Content starts

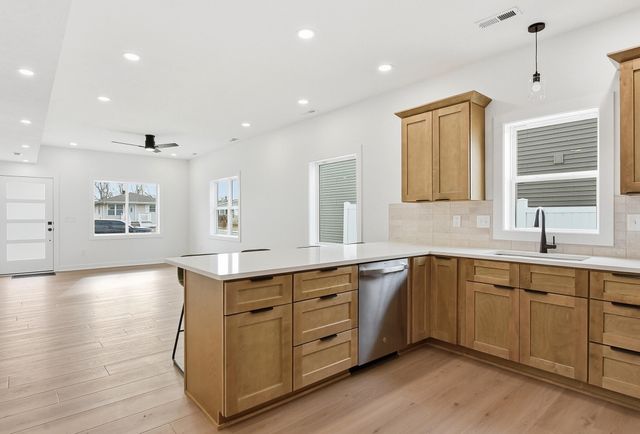 3240 AVE J, Council Bluffs, IA 51501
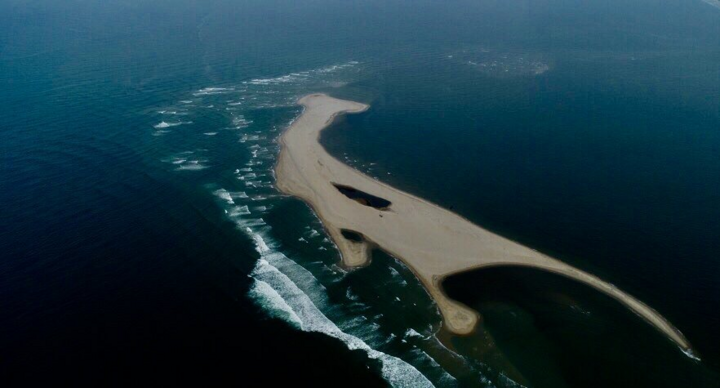 Đảo cát khổng lồ nổi giữa biển Cửa Đại 'biến hình' liên tục không theo quy luật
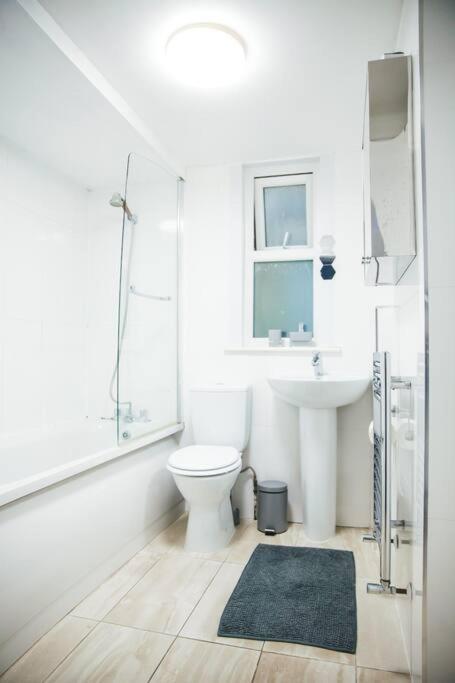 3 Bed Flat With Balcony Central ลอนดอน ภายนอก รูปภาพ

Content ends

* What you have to do:
From the first line to the last, repeat the listing exactly and skip its images.

* Exercise output:
 3240 AVE J, Council Bluffs, IA 51501
 Đảo cát khổng lồ nổi giữa biển Cửa Đại 'biến hình' liên tục không theo quy luật
 3 Bed Flat With Balcony Central ลอนดอน ภายนอก รูปภาพ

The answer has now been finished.